My landlady called me on the phone last night even though she only lives downstairs. She wanted me to look out the window of my furnished room. The moon was orange and she wanted me to see it. We hung up and I saw that it was orange just like she said it was. I thought of calling my old girlfriend. Remember Dear, how we used to look at the orange moon together- is what I would have said. But I didn’t call. When she and I first fell in love we used to talk every night about the moon. I was still in Texas, and she was in Vermont. We liked the idea that we could look up at the same time and see the same moon even though we were thousands of miles apart. Our love traveled safely in its orbit and it became the center point of our imagination. We imagined how our love was as true as the moon is true and that we were meant to be. And last night when I looked up at the orange moon of course I thought of her. Only now she’s less than forty blocks away. I could have almost reached out and touched her. We used to be so perfect, before we lived together. It was the closeness that ruined us. Orange had become my favorite color. It was the color of change, of zest, of her pubic hair. It made me laugh. It made me whole. Orange was the color of sunsets, of her toe-nail polish. Orange was the color of the dream I rode all the way from Texas to Vermont.

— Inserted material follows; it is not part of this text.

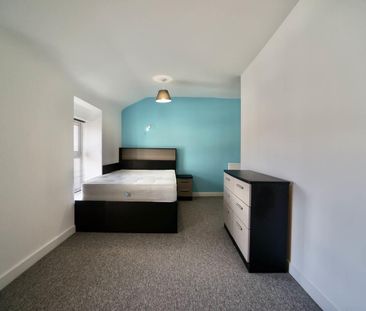 1 Edge Hill - Photo 3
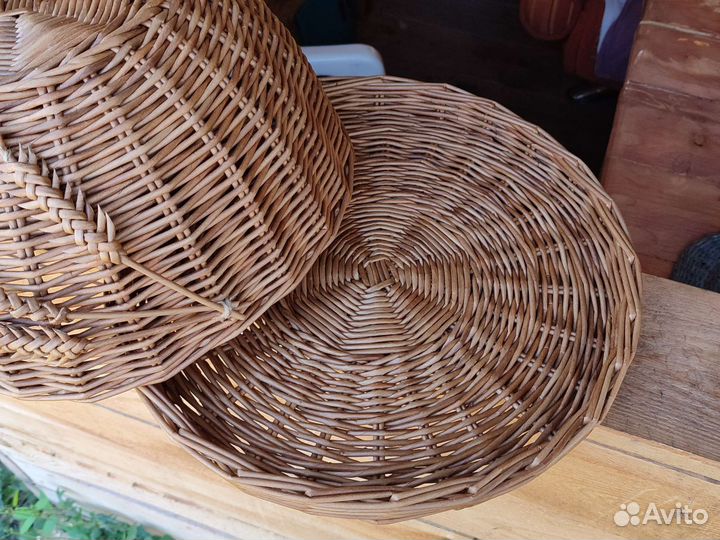 Корзины плетеные из лозы, хлебница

When I first arrived she and I sat on her back-stoop after a fine dinner of vegetables she had grown from her garden and tears ran uncontrollably down my face. I was laughing so hard I couldn’t talk, all I could say was Orange, orange, orange, over and over, with the intent of making a statement of incredible importance, but all I could say was orange. In looking back, orange is all there was to say, it said it all. I was awash in orange and orange was all that mattered. Our love was an orange moon. It was anything we wanted it to be. Our options were as big as the sky.
But after a few years the routine of living together began to take its toll. After dinner we found ourselves scanning the night sky for the signs of the zodiac, connecting the dots like one more chore, rather than feeling enthralled with the infinite possibility of what it all could mean, and what our love could mean. Even the sex I was once so crazy about had become as common and routine as breakfast. And one night after working too hard and arguing too much the moon lost all its meaning, it looked pale and old and stupid just like the rock that it was. And the next thing you know I’m in a furnished room and the landlady is reminding me to look up, look up at the moon, it’s orange.
Looking up I am reminded of what it’s like to start anew. I remember how easy it happens, how open and connected and true it all feels. I remember the feeling of infinite possibilities.
Spring is finally here. The moon is full, and orange, and I do feel lucky. I can feel the change in the air. I can feel the sky above Church Street has lost its limits, the zodiac signs have disappeared. Yes, the night is ablaze with infinite possibilities. I am orange tonight and so are you.